New research from the Spin Mobility Data for Safer Streets Initiative showcases how data can be a powerful tool in making streets safer in underserved communities.
It shouldn’t come as a surprise to BBSP readers that large inequities exist in U.S. cities regarding infrastructure, including the bike share and scooter share systems that make up the micromobility landscape. Unfortunately, decades of unfair zoning policies, overtly racist laws, and disinvestment in BIPOC and low-income neighborhoods have exasperated inequity, affecting everything from education and economic outcomes to where buses run and shared micromobility services are located.
There are a lot of emotional stories to be told about how bike fatalities are worse for Black and Hispanic Americans, largely because the infrastructure in Black and Latino neighborhoods is lacking and studies like the ones linked are a crucial part of documenting inequity and sparking change. Data, after all, is what speaks most to legislators and planners and good data around mobility is crucial to informing budgets and policies to combat decades of racist planning. Data is a powerful tool when it comes to building people-first places that prioritize the safety and well-being of everyone.

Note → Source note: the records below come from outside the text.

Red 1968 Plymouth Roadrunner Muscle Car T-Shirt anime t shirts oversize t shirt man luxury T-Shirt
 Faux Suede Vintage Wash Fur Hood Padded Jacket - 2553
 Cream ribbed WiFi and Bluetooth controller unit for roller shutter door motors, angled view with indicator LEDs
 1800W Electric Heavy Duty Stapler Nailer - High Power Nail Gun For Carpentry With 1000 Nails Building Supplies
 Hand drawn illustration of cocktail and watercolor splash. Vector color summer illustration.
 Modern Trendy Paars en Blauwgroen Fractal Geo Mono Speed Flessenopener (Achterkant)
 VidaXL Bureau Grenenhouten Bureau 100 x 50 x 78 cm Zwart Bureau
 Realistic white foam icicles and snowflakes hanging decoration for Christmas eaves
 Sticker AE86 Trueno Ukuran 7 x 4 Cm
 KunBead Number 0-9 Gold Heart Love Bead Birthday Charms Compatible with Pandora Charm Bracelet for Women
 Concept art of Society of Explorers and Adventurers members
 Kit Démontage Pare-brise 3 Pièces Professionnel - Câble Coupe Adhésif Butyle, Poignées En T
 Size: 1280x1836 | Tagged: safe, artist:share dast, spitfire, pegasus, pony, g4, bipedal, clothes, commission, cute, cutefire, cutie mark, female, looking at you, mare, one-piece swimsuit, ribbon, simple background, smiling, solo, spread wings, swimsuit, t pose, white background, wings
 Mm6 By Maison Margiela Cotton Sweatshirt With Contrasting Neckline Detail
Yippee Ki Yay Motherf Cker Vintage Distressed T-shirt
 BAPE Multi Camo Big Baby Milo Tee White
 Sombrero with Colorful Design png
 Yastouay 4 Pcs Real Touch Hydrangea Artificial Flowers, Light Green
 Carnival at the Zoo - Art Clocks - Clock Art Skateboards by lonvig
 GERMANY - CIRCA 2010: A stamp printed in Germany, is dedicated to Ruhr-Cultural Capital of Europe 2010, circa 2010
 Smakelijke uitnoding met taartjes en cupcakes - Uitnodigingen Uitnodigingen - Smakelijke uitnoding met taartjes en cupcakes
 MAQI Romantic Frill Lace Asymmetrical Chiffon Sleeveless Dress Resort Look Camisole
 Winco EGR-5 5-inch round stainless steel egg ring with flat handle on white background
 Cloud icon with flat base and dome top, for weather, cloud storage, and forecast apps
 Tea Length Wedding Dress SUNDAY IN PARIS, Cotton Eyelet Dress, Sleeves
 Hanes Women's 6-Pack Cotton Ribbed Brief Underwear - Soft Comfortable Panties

Recognizing the importance of good data, the scooter and bike share company Spin first launched its Mobility Data for Safer Streets (MDSS) program in 2020. The program awarded advocacy organizations around the country with a unique suite of data sources, software tools, and physical equipment to gather, analyze, understand, and present data for street advocacy. A recently published study, titled “Using Emerging Mobility Data to Advocate Equitable Micromobility Infrastructure in Underserved Communities,” leverages the findings from that program to understand emerging data use cases and applications related to promoting equity in active transportation planning. Notably, it also highlights characteristics of the data tools that are supportive or inhibitive of these purposes.
The MDSS Initiative awarded six nonprofit active transportation organizations across the U.S. access to a suite of six data platforms and tools to support their efforts to make streets safer for active transportation in general, and micromobility specifically.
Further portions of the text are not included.